This exercise calls for the records to be returned exactly, with images removed.

Content starts

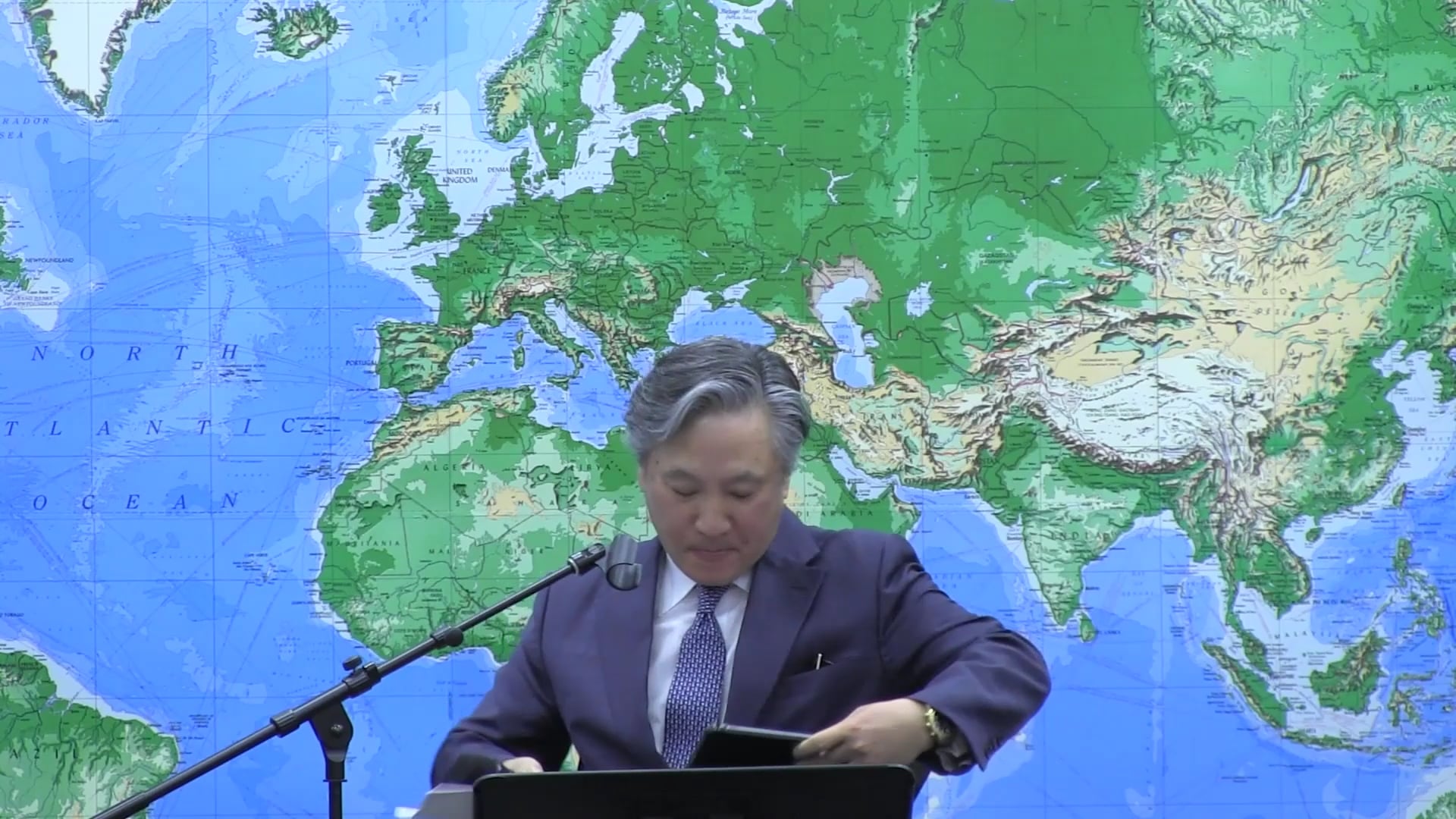 PTS Chapel March 31, 2021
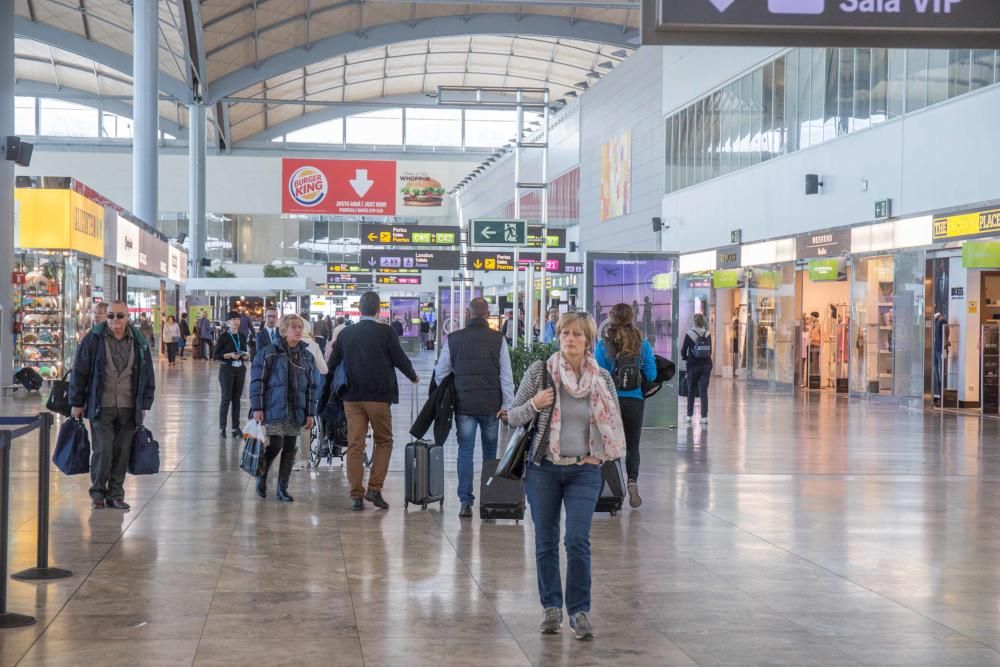 Aeropuerto de Alicante-Elche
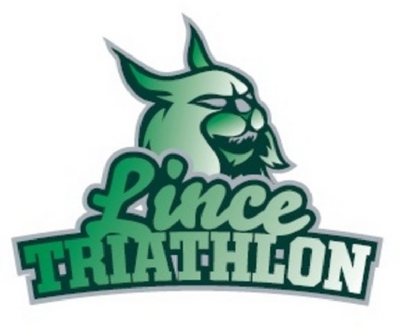 Sinal da marca LINCE TRIATHLON
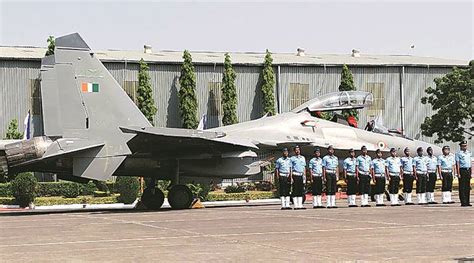First Indigenously Overhauled Sukhoi 30 Mki Handed Over To Iaf To Be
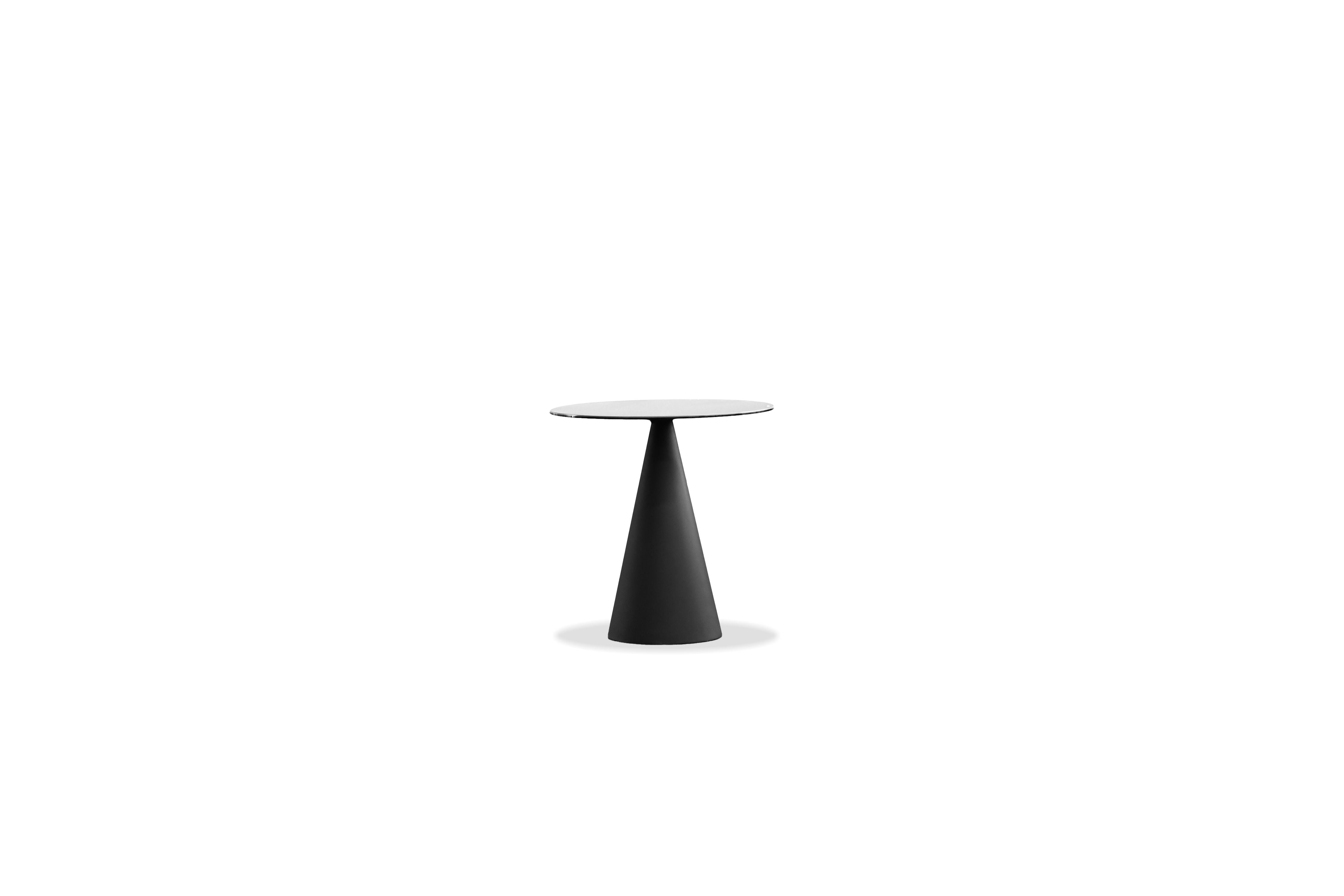 Cremini End Table Low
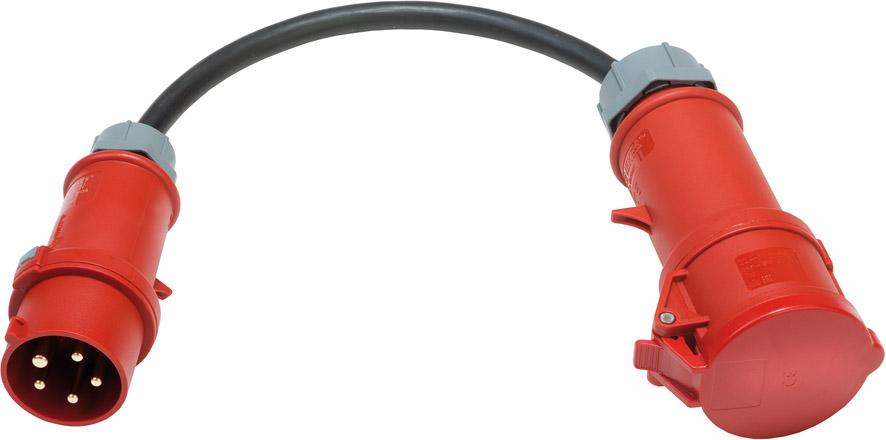 Imagen de CONDUCTOR ADAPTADOR 16 A 32A H07RN-F5G2,5 400V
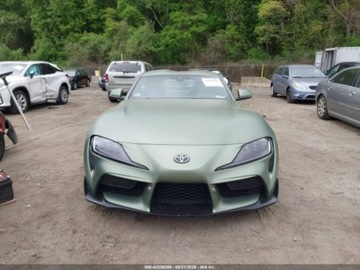 Toyota Supra V 2021 Toyota Supra GR 2021 2.0 Benzyna 255KM, zdjęcie 2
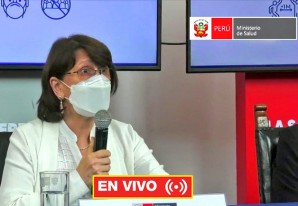 Conferencia de prensa de la ministra de Salud, Pilar Mazzetti | DIRECTO. Conferencia de prensa de la ministra de Salud, Pilar Mazzetti | DIRECTO.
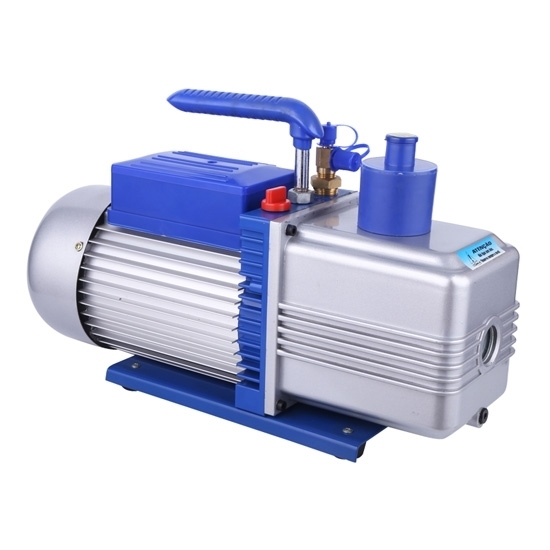 1 HP 10 CFM/12 CFM Rotary Vane Vacuum Pump 1 HP 10 CFM/12 CFM Rotary Vane Vacuum Pump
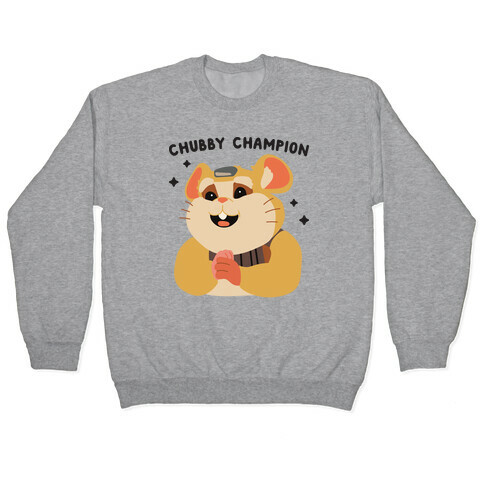 Chubby Champion Hammond  Pullover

Content ends

**Output for this exercise**
 PTS Chapel March 31, 2021
 Aeropuerto de Alicante-Elche
 Sinal da marca LINCE TRIATHLON
First Indigenously Overhauled Sukhoi 30 Mki Handed Over To Iaf To Be
 Cremini End Table Low
 Imagen de CONDUCTOR ADAPTADOR 16 A 32A H07RN-F5G2,5 400V
 Toyota Supra V 2021 Toyota Supra GR 2021 2.0 Benzyna 255KM, zdjęcie 2
 Conferencia de prensa de la ministra de Salud, Pilar Mazzetti | DIRECTO. Conferencia de prensa de la ministra de Salud, Pilar Mazzetti | DIRECTO.
 1 HP 10 CFM/12 CFM Rotary Vane Vacuum Pump 1 HP 10 CFM/12 CFM Rotary Vane Vacuum Pump
 Chubby Champion Hammond  Pullover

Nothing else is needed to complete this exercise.